Panurus Productions – 4th December 2020
Christopher Nosnibor
Some of these experimentalists, they’re real buggers, you know. Awkward sods. Wilfully obtuse, intentionally unlistenable. Sindre Bjerga & Tanto sure as hell aren’t aiming for mass appeal on this absolute monster of a cassette release. In fact, I’d go so far as to suggest their primary goal is mass-alienation, because this is pretty fucking horrible. And it never stops.
Sindre Bjerga & Tanto’s collaboration contains two pieces which fill a C90. It’s an experimental mash-up, a cut-up, fold-in audio experiment that if not inspired by William Burroughs’ 1960s tape experiments, lots inevitably can be traced in terms of lineage and influence, conscious or otherwise. And for all the levity of the title, it makes for some seriously hard listening.
Amidst crackling fizz and stretched tape discord, there’s a warped, off-key rendition of ‘Don’t Cry for me, Argentina’, that’s buried in an underwater bubbling, a blur of blender nose and a mess of detuned radios. Shrieking feedback emerges and lingers on after grating clanks, and serrated droned, pulsing washed of analogue noise and sharp static blasts that cut through bubbling torrents and crude farting noises and a collage of contrasts and contradictions.
It becomes more challenging as it progresses: ‘Crashing Sonic Pepper Waves’ delves deeper under water and begins to take on the feel of a long underwater swim – the sound of a frenzied splash after being toppled overboard from a liner or destroyer. Beepling wipples fracture and disrupt a narrative of long, dark tones that rumble and scrape and intonate a truly post-industrial, post-apocalyptic soundscape – bleak, desolate, rusted, decayed.

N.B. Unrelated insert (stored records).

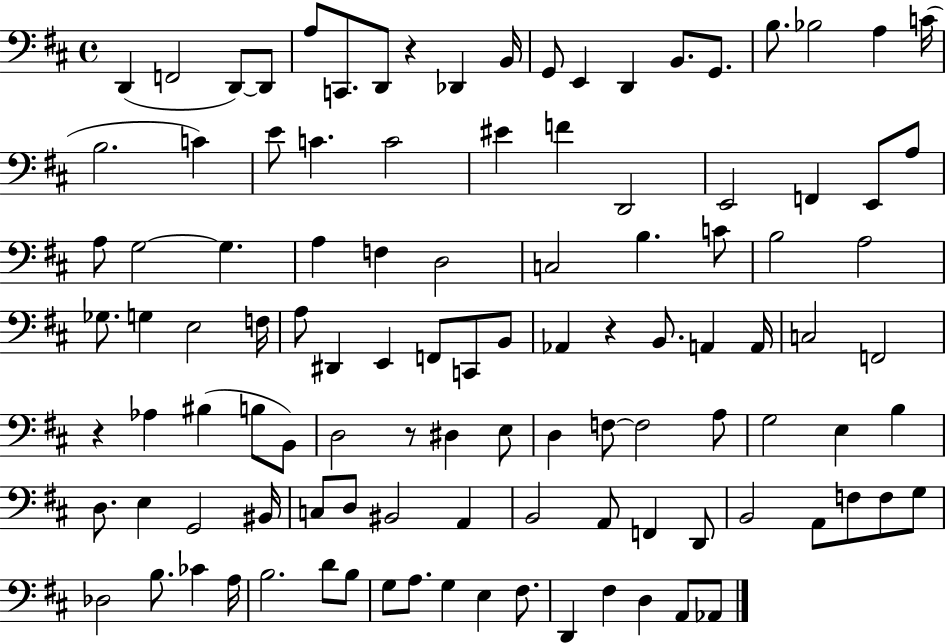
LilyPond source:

{
  \clef bass
  \time 4/4
  \defaultTimeSignature
  \key d \major
  d,4( f,2 d,8~~) d,8 | a8 c,8. d,8 r4 des,4 b,16 | g,8 e,4 d,4 b,8. g,8. | b8. bes2 a4 c'16( | \break b2. c'4) | e'8 c'4. c'2 | eis'4 f'4 d,2 | e,2 f,4 e,8 a8 | \break a8 g2~~ g4. | a4 f4 d2 | c2 b4. c'8 | b2 a2 | \break ges8. g4 e2 f16 | a8 dis,4 e,4 f,8 c,8 b,8 | aes,4 r4 b,8. a,4 a,16 | c2 f,2 | \break r4 aes4 bis4( b8 b,8) | d2 r8 dis4 e8 | d4 f8~~ f2 a8 | g2 e4 b4 | \break d8. e4 g,2 bis,16 | c8 d8 bis,2 a,4 | b,2 a,8 f,4 d,8 | b,2 a,8 f8 f8 g8 | \break des2 b8. ces'4 a16 | b2. d'8 b8 | g8 a8. g4 e4 fis8. | d,4 fis4 d4 a,8 aes,8 | \break \bar "|."
} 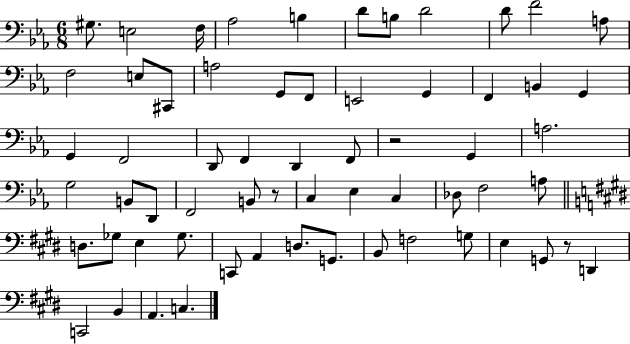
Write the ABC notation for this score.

X:1
T:Untitled
M:6/8
L:1/4
K:Eb
^G,/2 E,2 F,/4 _A,2 B, D/2 B,/2 D2 D/2 F2 A,/2 F,2 E,/2 ^C,,/2 A,2 G,,/2 F,,/2 E,,2 G,, F,, B,, G,, G,, F,,2 D,,/2 F,, D,, F,,/2 z2 G,, A,2 G,2 B,,/2 D,,/2 F,,2 B,,/2 z/2 C, _E, C, _D,/2 F,2 A,/2 D,/2 _G,/2 E, _G,/2 C,,/2 A,, D,/2 G,,/2 B,,/2 F,2 G,/2 E, G,,/2 z/2 D,, C,,2 B,, A,, C, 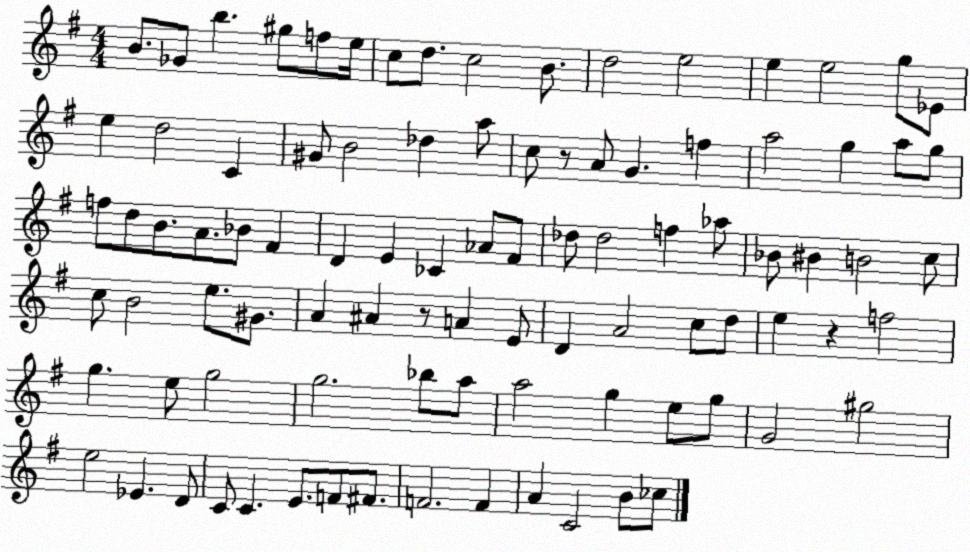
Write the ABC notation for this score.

X:1
T:Untitled
M:4/4
L:1/4
K:G
B/2 _G/2 b ^g/2 f/2 e/4 c/2 d/2 c2 B/2 d2 e2 e e2 g/2 _E/2 e d2 C ^G/2 B2 _d a/2 c/2 z/2 A/2 G f a2 g a/2 g/2 f/2 d/2 B/2 A/2 _B/2 ^F D E _C _A/2 ^F/2 _d/2 _d2 f _a/2 _B/2 ^B B2 c/2 c/2 B2 e/2 ^G/2 A ^A z/2 A E/2 D A2 c/2 d/2 e z f2 g e/2 g2 g2 _b/2 a/2 a2 g e/2 g/2 G2 ^g2 e2 _E D/2 C/2 C E/2 F/2 ^F/2 F2 F A C2 B/2 _c/2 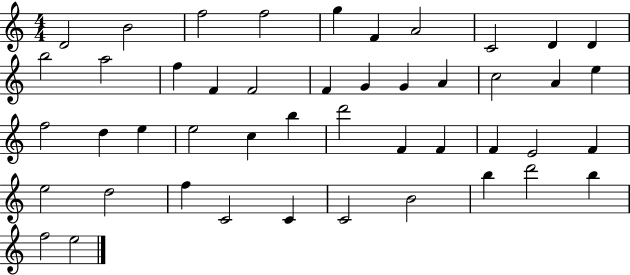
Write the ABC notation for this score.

X:1
T:Untitled
M:4/4
L:1/4
K:C
D2 B2 f2 f2 g F A2 C2 D D b2 a2 f F F2 F G G A c2 A e f2 d e e2 c b d'2 F F F E2 F e2 d2 f C2 C C2 B2 b d'2 b f2 e2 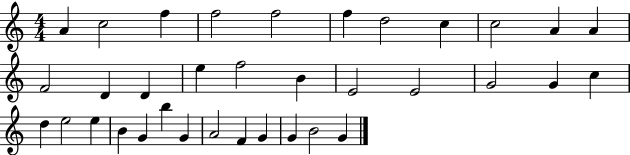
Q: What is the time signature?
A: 4/4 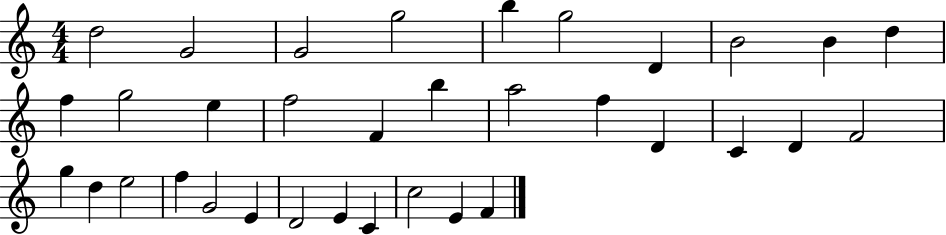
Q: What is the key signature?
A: C major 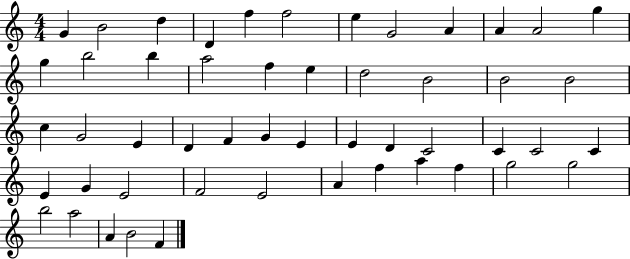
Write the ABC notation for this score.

X:1
T:Untitled
M:4/4
L:1/4
K:C
G B2 d D f f2 e G2 A A A2 g g b2 b a2 f e d2 B2 B2 B2 c G2 E D F G E E D C2 C C2 C E G E2 F2 E2 A f a f g2 g2 b2 a2 A B2 F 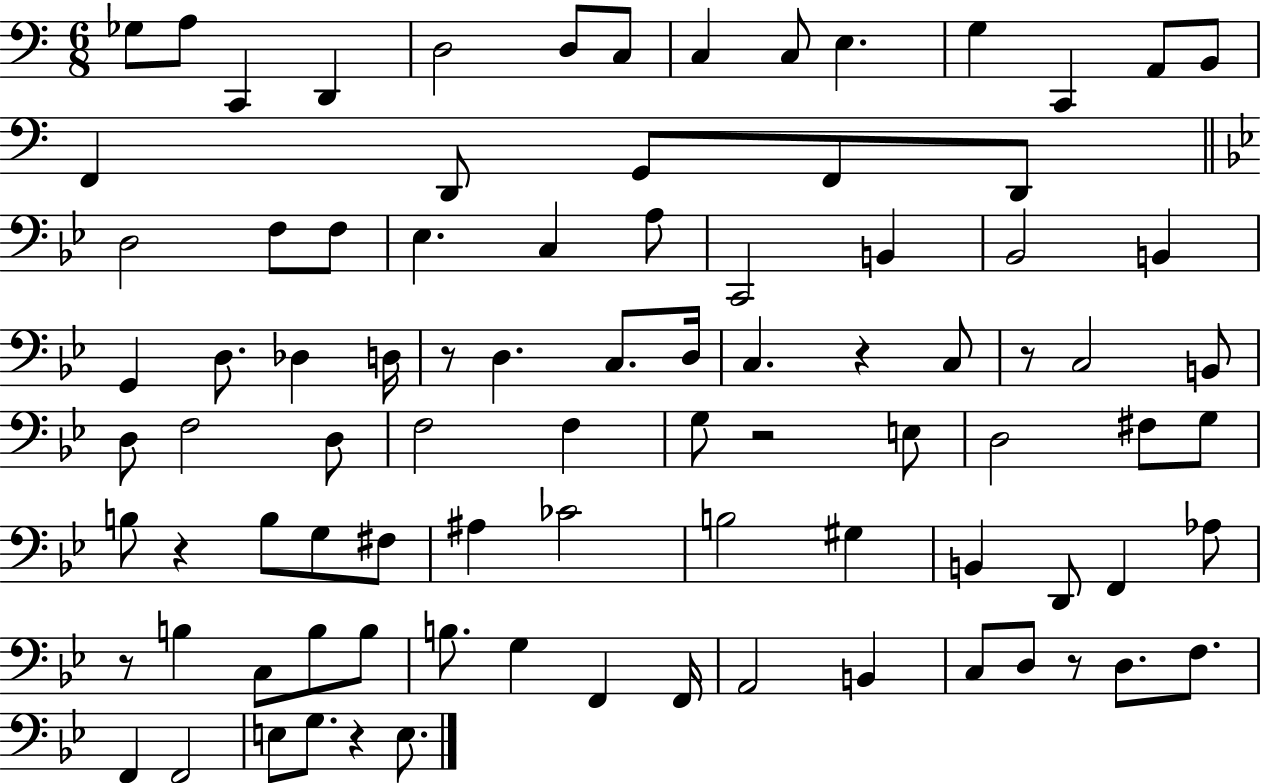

If the first forty-five minutes feel like an endurance test then the second – ‘Tabasco Mist Prescription’ feels even more intensely so. What do you actually do with this? A masochist can enjoy it to an extent, and anyone with an appreciation of Throbbing Gristle and any of the myriad acts of all strains of genre style influenced by TG likewise. TG represent the closest reference here, with the heart of industrial music being less about the stylized appropriation of factory noise and the like than an attitude based on perversion of what was even considered ‘music’ delivered with a confrontational, antagonistic attitude – and Sneezing Waves From The Peppered Oceans is antagonistic, and then some.
35 minutes into ‘Crashing Sonic Pepper Waves’ is shrill blasts of treble are being amped up against all kinds of found-sound dissonance and difficulty, and it only gets messier, more brain-pulping with the messy murk of ‘Crashing Sonic Pepper Waves’. It’s unsettling, uncomfortable, and those are the compliments. It’s not even particularly dark, it’s just a nasty conglomeration of disparate sounds, collaged together to render something that’s uncomfortable, and never-ending, and quite enough to induce heartburn.
It’s good, but don’t expect to like it.